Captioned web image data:
##############################
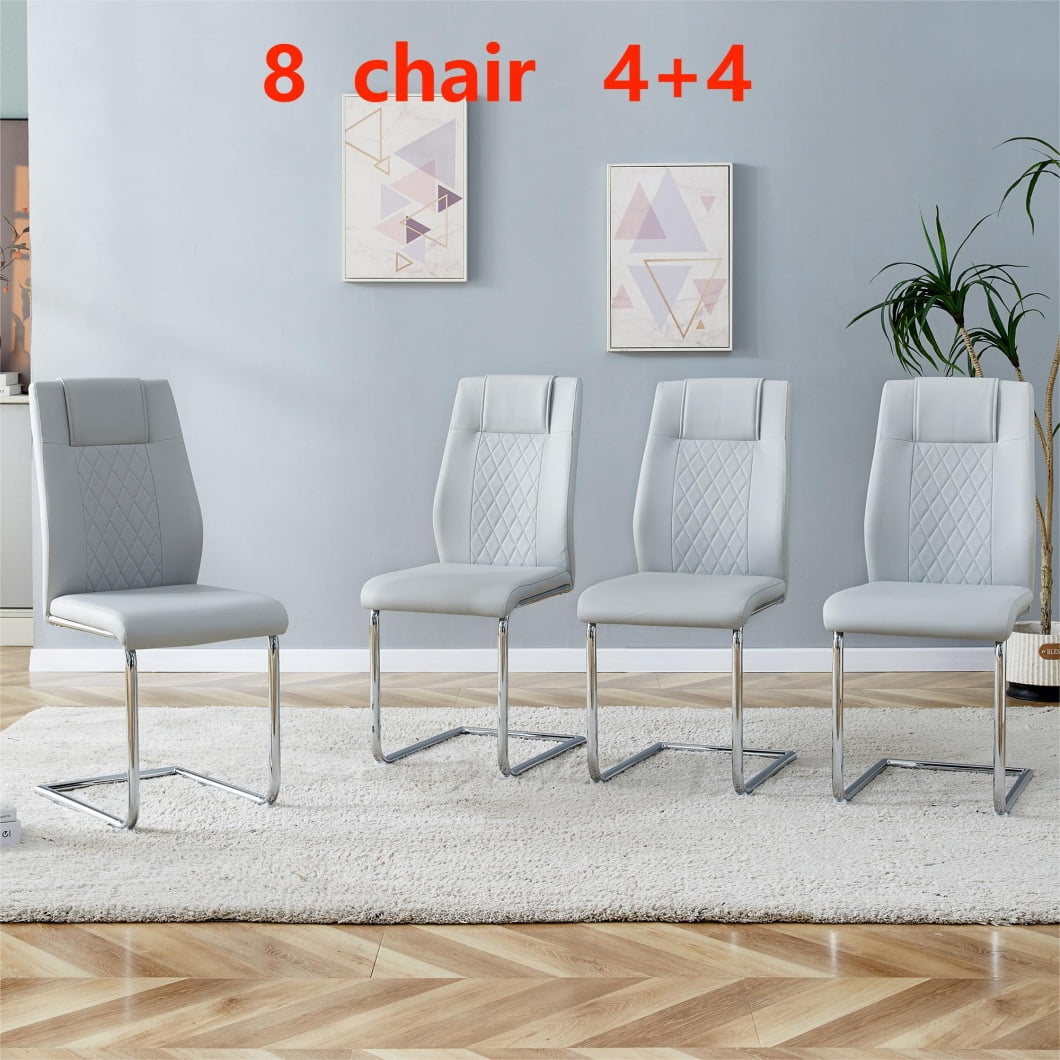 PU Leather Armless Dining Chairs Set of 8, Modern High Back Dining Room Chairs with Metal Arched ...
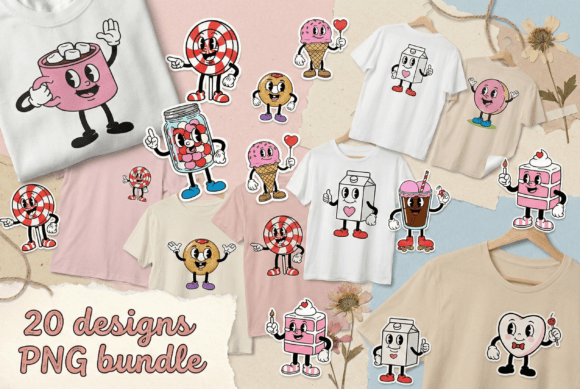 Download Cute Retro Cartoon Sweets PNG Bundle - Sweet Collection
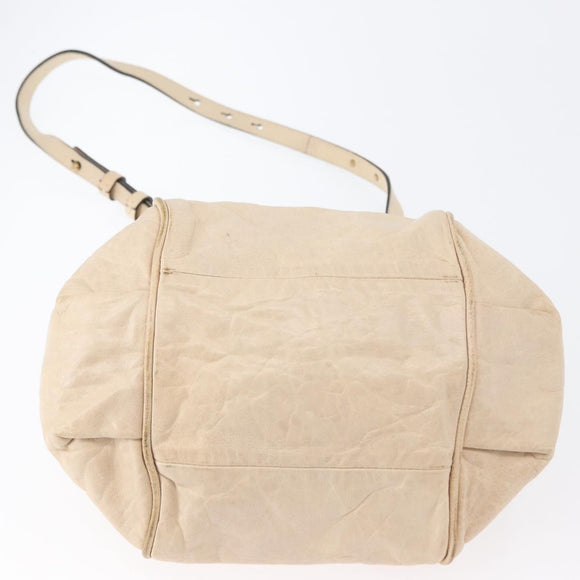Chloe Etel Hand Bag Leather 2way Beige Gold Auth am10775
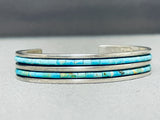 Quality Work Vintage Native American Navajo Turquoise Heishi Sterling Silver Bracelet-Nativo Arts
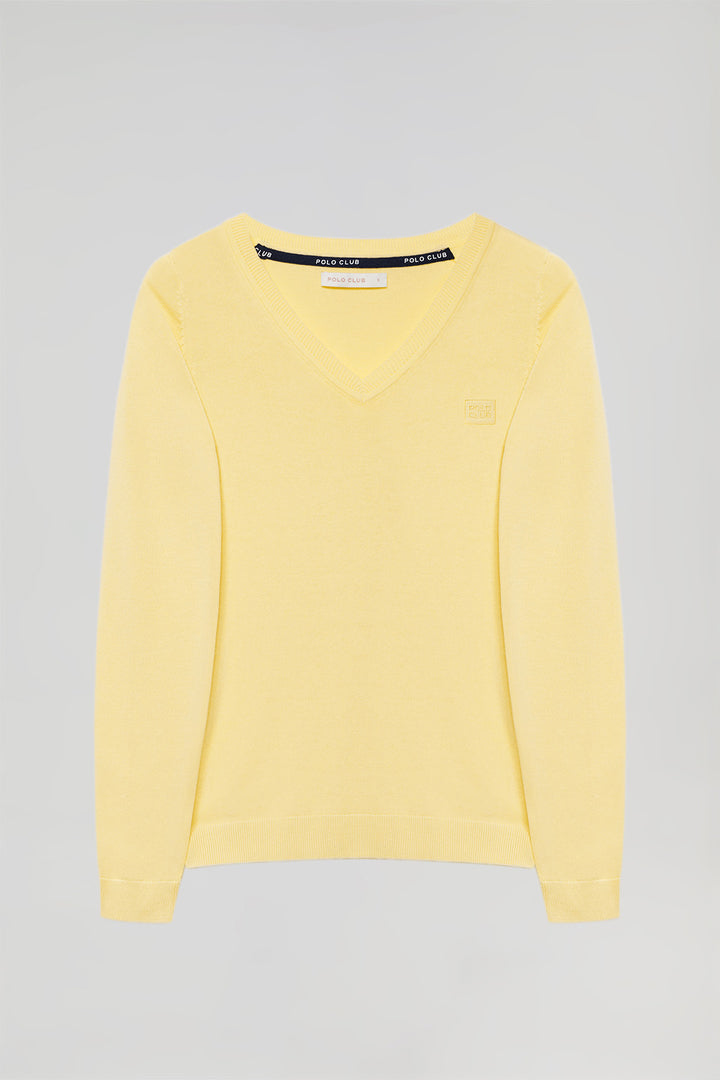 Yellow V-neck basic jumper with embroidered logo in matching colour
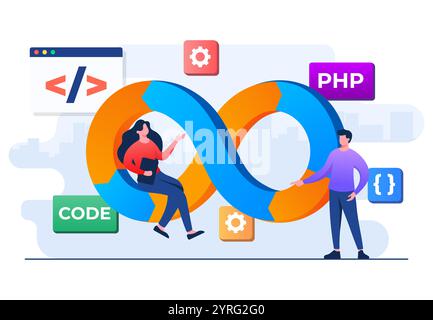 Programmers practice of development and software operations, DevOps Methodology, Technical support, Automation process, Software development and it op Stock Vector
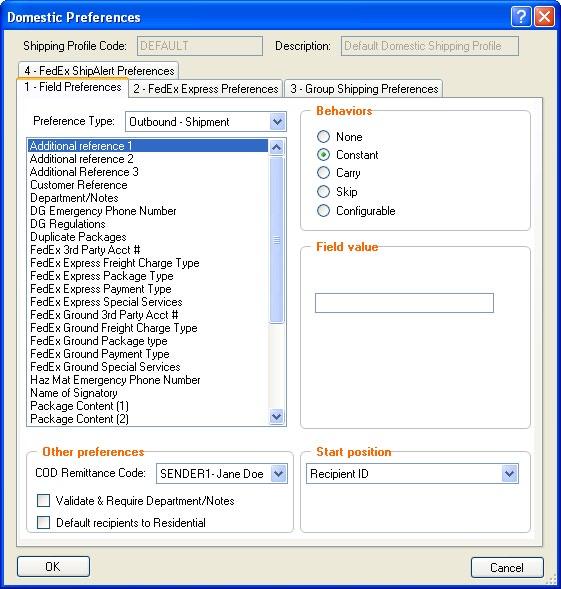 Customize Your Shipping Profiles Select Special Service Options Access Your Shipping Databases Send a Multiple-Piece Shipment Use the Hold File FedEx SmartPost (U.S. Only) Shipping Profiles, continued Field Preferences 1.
##############################
**Task prompt**
Word for word, set down the lines from the line with "Quality Work Vintage" through the last line of the entries, and nothing else; the pictures stay out.

**Written response**
 Quality Work Vintage Native American Navajo Turquoise Heishi Sterling Silver Bracelet-Nativo Arts
 Yellow V-neck basic jumper with embroidered logo in matching colour
 Programmers practice of development and software operations, DevOps Methodology, Technical support, Automation process, Software development and it op Stock Vector
 Customize Your Shipping Profiles Select Special Service Options Access Your Shipping Databases Send a Multiple-Piece Shipment Use the Hold File FedEx SmartPost (U.S. Only) Shipping Profiles, continued Field Preferences 1.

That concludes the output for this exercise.